You say “trademarking it,” but that’s not how trademark law works. By saying “trademarking it,” you imply that United must apply to register a trademark first.

They certainly can try to register a sound mark, and they are probably well-advised to do so, but they can jump straight into litigation against a competitor and argue that they already own a protectable trademark because they have been using it as such over several years.

Note that there is a limitation on whether creative works can be subject to trademark law after copyright protection has expired. Under Dastar Corp. v. Twentieth Century Fox Film Corp., 539 U.S. 23 (2003), the author of a documentary was not allowed to use trademark law to prevent copying or re-use of the documentary once copyright protection had expired.

But in this case, United Airlines would have a pretty good argument that its case is distinguishable from Dastar.
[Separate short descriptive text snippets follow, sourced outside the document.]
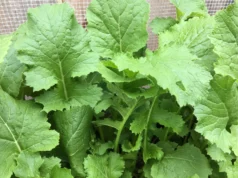 รู้จัก “ผักกาดขิ่ว” ผักที่ซ่อนคุณค่าทางอาหาร ที่หามากินได้ไม่ง่ายนัก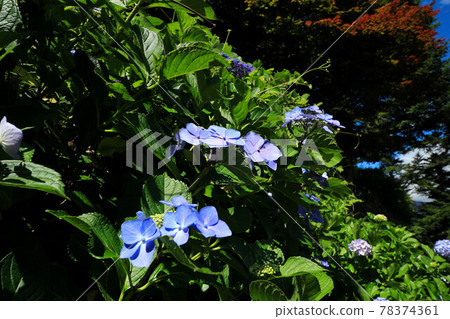 Yamanashi Uzumana Park Hydrangea 78374361
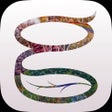 Icon of program: Gratitude Garden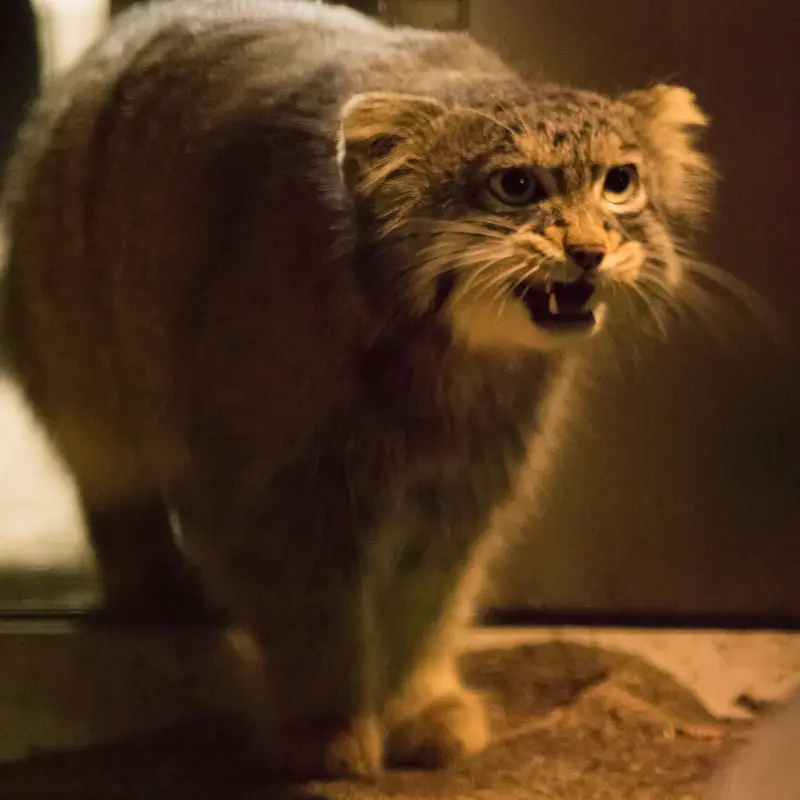 野毛山動物園のフィーガの写真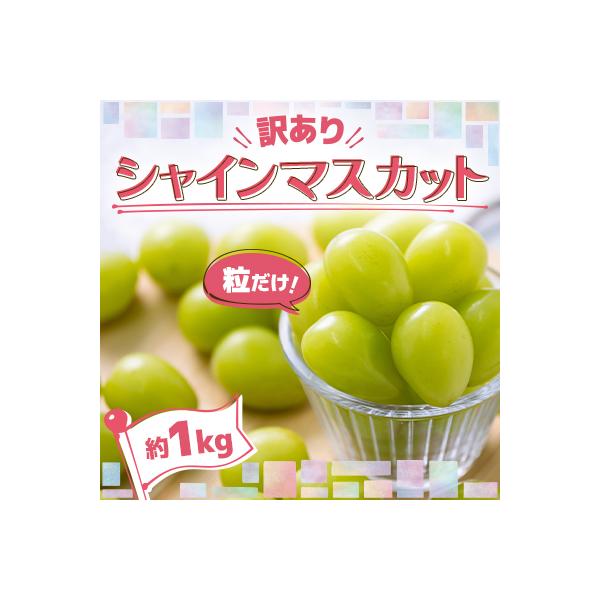 ■お礼品詳細　・配送種別：冷蔵便　・提供元：トゥルーバファーム青森株式会社■お申し込み・配送・その他　・発送時期：2026-09-10〜2026-12-27(お届け時間帯指定可)　・申込受付期間：〜2026-12-08　・配達外のエリア：離...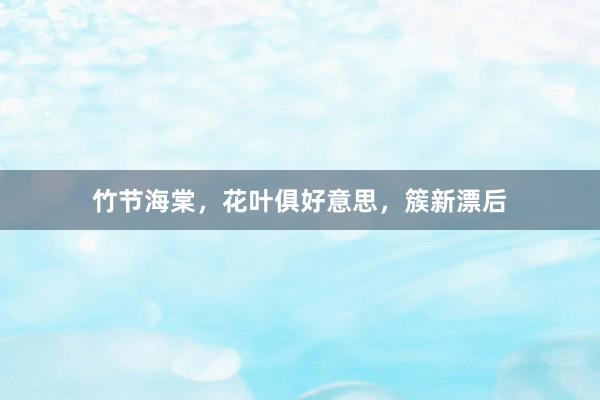 竹节海棠，花叶俱好意思，簇新漂后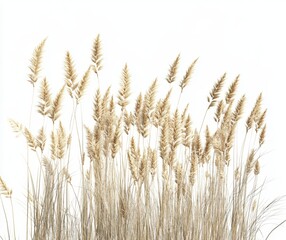 Fototapeta premium Dried grasses, beige tones, detailed stalks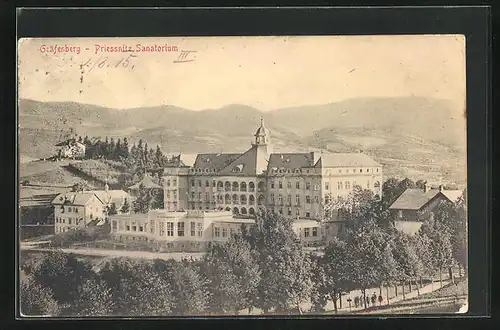 AK Gräfenberg, Ansicht des Priessnitz Sanatoriums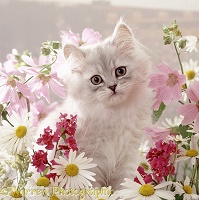 Fluffy kitten among daisy flowers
It’s not seeking to prevent all use of Gershwin, but rather is making a limited claim to a sound mark for a specific set of services.

That it’s strongly identified with United Airlines is a big reason why other companies (and particularly other airlines) wouldn’t want to use it.

Other big airlines might not want to use it. But a tiny little airline that nobody’s ever heard of might want to use it in their ads, to give the impression to consumers that they’re a subsidiary of United. Which is exactly the sort of thing that trademark law exists to prevent.

Can you really trademark an entire song? You might be able to trademark a few bars, or something… I would think the entire song is overreach - that the trademark office would say “that’s what copyright was for”. Plus, would it be all expressions, or just a particular instrumentation of it? Horns? Strings? Accordion?

You don’t “trademark an entire song”. You trademark the use of the song to identify a product or service. If it’s enough that a customer would go “Hey, isn’t that the song used by that airline?”, then it’s enough… if it’s used to identify an airline. But, for instance, nobody would ever think that the elevators in an office building are run by United Airlines, so there’d be no problem at all using the whole song or any part of it as elevator music.

Again, I caution about this use of “trademark.” The question isn’t whether you can file a paper with the government. It’s whether you can make a plausible case.

That’s what Dastar was about.

It’s up to you to make a plausible argument. The Harlem Globetrotters claimed that the entirety of “Sweet Georgia Brown” functioned as their trademark.

Remember, when you’re making a trademark claim, you’re making a very limited claim. It’s nowhere as broad as for a copyright claim. If United Airlines makes a claim that a song functions as its trademark, they can only try to stop uses as a trademark.

The key question is “likelihood of confusion.”

I haven’t heard United using Gershwin in their TV ads for a long time.

If it happens, my mute button reflex is still operative.

Here’s a list of sound marks that the Patent and Trademark Office has issued registrations for – Trademark sound mark examples | USPTO

Using that as an example: If I see a basketball team, especially a trick-performance basketball team, playing while “Sweet Georgia Brown” is playing over the speakers, even if it’s a different arrangement of the song than the familiar one, I’m likely to assume that the basketball team I’m watching is the Harlem Globetrotters. And because I’m likely to assume that, the song serves as an identifier for the team, which means that it can and should be protected by trademark.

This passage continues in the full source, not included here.